California bank and thrift executives, seeking to keep credit flowing to riot-damaged businesses, are pressuring government regulators to allow easier terms for such borrowers.
That was a main topic of a private meeting on Friday in Los Angeles between bank and thrift executives, Treasury Secretary Nicholas F. Brady and various state and federal bank regulators based in California. Meeting participants said regulators did not commit yet to any program.
One of the main concerns of bankers--especially those from small institutions--is that regulators may not allow enough flexibility to give breathing room to borrowers who cannot immediately pay back their loans because of riot-related problems.

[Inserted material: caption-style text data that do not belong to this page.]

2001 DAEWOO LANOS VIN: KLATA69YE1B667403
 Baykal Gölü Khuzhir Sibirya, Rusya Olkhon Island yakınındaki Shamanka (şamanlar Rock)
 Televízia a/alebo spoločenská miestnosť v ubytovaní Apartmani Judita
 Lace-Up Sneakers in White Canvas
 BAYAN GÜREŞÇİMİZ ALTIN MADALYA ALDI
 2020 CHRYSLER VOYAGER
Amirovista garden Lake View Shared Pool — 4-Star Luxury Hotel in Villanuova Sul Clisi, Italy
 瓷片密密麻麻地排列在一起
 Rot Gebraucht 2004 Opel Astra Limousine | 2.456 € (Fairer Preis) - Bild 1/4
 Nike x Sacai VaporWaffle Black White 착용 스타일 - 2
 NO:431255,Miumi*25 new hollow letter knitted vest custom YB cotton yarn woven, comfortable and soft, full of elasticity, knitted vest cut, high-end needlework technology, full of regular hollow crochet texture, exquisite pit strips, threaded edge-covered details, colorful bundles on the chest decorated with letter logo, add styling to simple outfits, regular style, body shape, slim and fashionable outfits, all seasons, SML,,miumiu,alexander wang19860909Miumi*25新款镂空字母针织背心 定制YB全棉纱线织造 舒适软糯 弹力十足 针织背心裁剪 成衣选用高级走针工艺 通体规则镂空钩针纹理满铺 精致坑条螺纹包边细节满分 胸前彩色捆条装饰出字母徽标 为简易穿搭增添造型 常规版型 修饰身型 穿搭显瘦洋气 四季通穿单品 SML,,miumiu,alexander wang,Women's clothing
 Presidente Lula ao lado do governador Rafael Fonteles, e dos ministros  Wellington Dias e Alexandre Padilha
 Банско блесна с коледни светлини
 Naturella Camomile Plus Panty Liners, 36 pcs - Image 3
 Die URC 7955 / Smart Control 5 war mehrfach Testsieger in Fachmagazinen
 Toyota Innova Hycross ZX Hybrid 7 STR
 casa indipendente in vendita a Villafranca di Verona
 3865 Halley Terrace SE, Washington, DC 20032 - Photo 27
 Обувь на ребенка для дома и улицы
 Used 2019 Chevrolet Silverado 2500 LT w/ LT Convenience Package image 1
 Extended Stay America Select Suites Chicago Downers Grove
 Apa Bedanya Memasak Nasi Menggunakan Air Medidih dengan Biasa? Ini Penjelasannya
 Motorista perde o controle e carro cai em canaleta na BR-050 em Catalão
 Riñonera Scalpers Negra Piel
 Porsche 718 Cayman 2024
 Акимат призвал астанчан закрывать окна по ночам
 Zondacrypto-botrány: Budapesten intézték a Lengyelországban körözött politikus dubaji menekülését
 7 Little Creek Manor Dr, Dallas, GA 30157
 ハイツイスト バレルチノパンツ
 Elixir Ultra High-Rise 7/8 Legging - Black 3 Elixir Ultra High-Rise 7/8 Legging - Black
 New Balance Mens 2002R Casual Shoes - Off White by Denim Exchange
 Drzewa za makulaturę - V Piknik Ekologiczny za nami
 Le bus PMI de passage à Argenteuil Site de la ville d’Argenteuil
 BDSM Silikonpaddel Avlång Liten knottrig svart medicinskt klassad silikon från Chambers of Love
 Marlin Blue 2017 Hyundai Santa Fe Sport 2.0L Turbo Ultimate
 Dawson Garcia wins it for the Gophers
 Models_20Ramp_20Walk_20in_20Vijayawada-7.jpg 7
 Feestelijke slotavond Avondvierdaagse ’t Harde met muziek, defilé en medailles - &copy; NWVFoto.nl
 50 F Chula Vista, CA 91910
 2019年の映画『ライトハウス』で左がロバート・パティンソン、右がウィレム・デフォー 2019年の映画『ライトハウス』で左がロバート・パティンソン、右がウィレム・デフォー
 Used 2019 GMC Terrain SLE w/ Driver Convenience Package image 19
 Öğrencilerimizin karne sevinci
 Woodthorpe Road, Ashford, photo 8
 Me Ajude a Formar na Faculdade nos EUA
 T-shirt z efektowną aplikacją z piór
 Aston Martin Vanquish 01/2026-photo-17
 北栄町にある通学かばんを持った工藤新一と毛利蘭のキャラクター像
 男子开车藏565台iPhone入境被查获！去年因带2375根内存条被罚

Banks and thrifts usually must deal with troubled loans by setting aside money to cover potential losses and by applying payments toward the loan principal rather than counting it as income--which in effect lowers their profit and capital. Banks would like to grant more liberal repayment terms to riot-damaged borrowers and not have to count those loans as troubled.
Bankers are arguing that some smaller institutions could suffer crippling losses if forced to abide by existing policies on troubled loans. Also, they argue, failing to give banks any flexibility will choke off loans to customers needing to rebuild.
According to participants in the meeting, state Banking Supt. James E. Gilleran suggested that regulators deal with the issue case by case. But bankers disagreed, saying that would be too tedious. They suggested a blanket policy allowing healthier banks and thrifts to grant breathing room to borrowers.
Brady is expected to receive recommendations on Monday from a special task force of regulators formed earlier this week. In a memo sent to top regulators, Brady suggested that they look for guidance from "economic disturbances related to catastrophes such as Hurricane Hugo, the San Francisco earthquake and the recent Chicago flooding."